WEST SPRINGFIELD – West Springfield joined school districts across the state in opting to take the Partnership for Assessment of Readiness for College and Careers (PARCC). Grades 3 through 8 took the exam instead of Massachusetts Comprehensive Assessment System (MCAS), and Superintendent Michael Richard said the results would help the district moving forward.

PARCC is broken into five grading categories – Exceeded Expectations, Met Expectations, Approached Expectations, Partially Met Expectations and Did Not Meet Expectations – compared to the four areas of MCAS.

In combined results, 53 percent and 54 percent of all West Springfield students scored either Level 4 or 5, the two highest levels, in English Language Arts (ELA) and Math testing respectively. The average for the state in ELA was 60 percent and 52 percent in Math.

On the other side, 7 percent of students did not meet expectations in English Language Arts and 5 percent in Math. That state average was 6 percent for both tests.

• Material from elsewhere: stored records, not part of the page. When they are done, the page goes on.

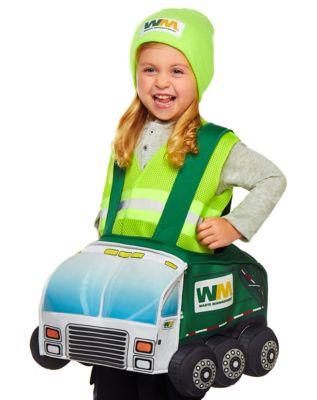 Toddler Garbage Truck Ride-Along Costume - Waste Management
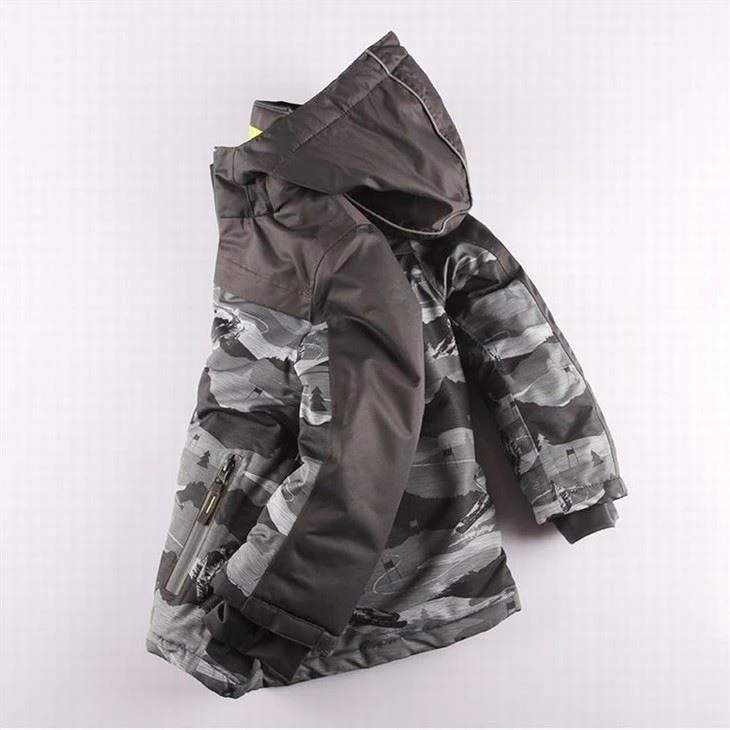 Boys Windproof Ski Jackets Warm Winter Fleece Snow Coats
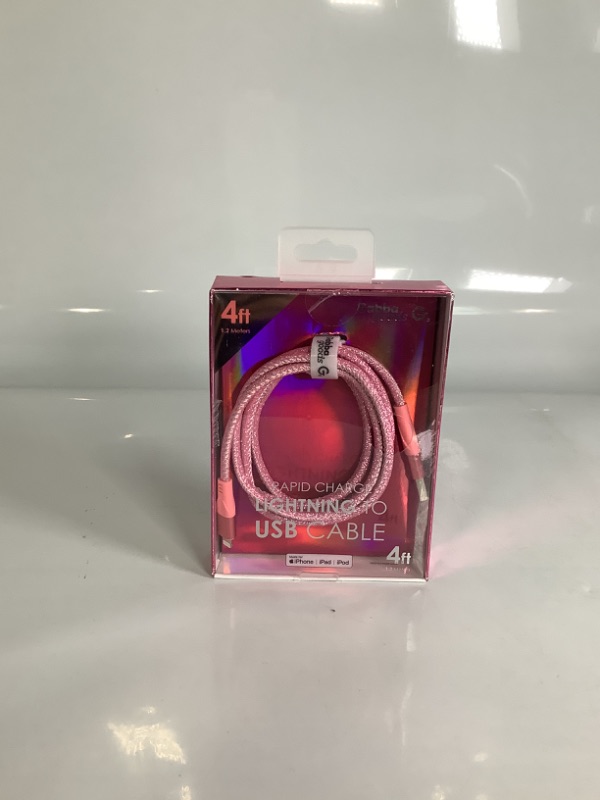 Photo 1 of LIGHTING TO USB CABLE 4 FT FOR IPHONE COLOR PINK NEW
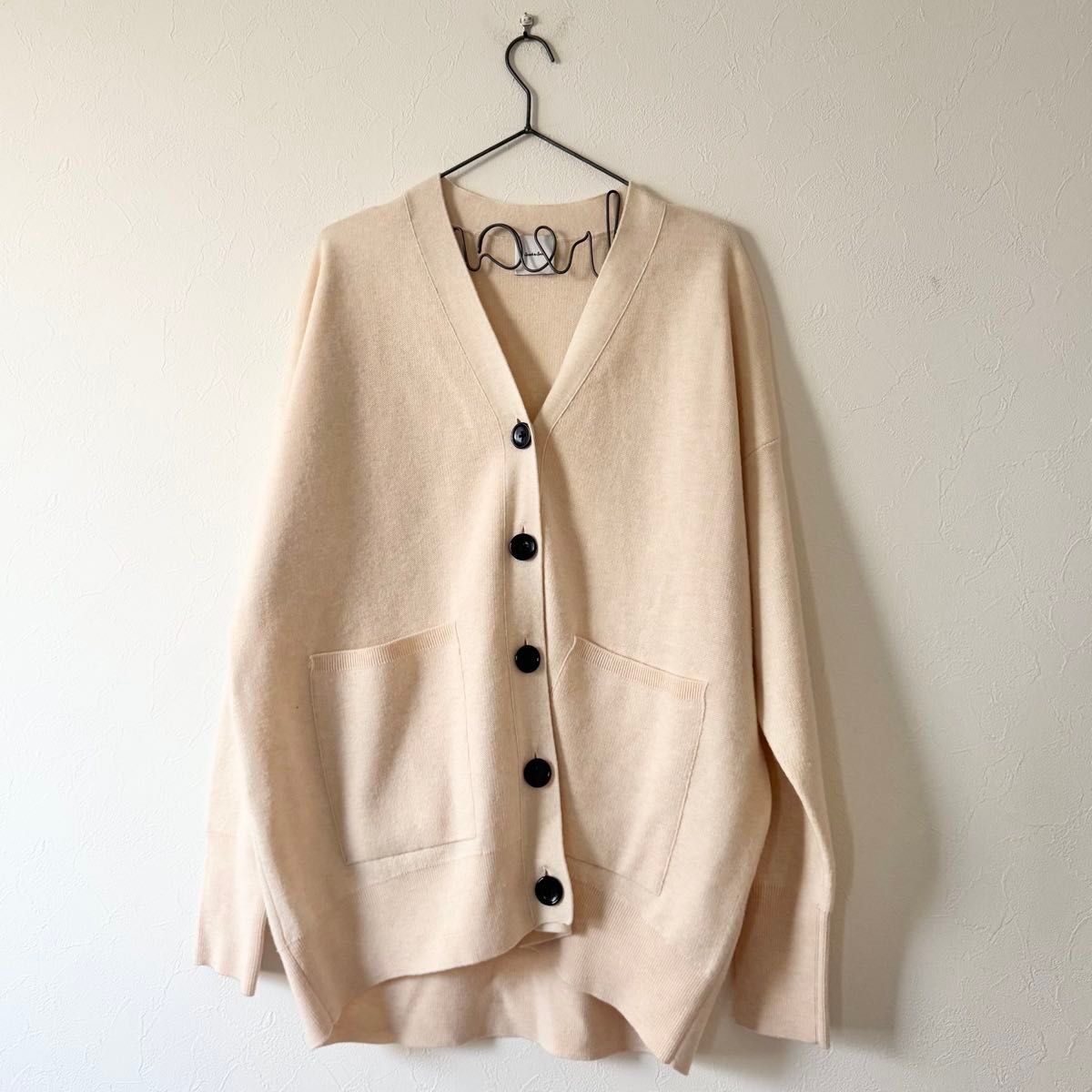 Spick and Span ダブルジャガードビッグカーディガン Spick & Span 22AW ダブルジャガードビッグカーディガン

“We struggled, I would say, with relative comparison to the rest of the state. We certainly had in ELA in all grades, we saw just over half of our kids at level 4 or 5, so that was good news,” Richard said. “We also saw in math about the same number of students performed at Level 4 or 5, but every time you look at the Level 1 results, when 7 or 5 percent of students, depending on what tests, are scoring in that level achievement, its disconcerting to us. We had 7 percent of ELA students not meeting expectations and 5 percent of math not meeting, it’s hard for us to process, but the information is good for us to continue to set goals to move forward.”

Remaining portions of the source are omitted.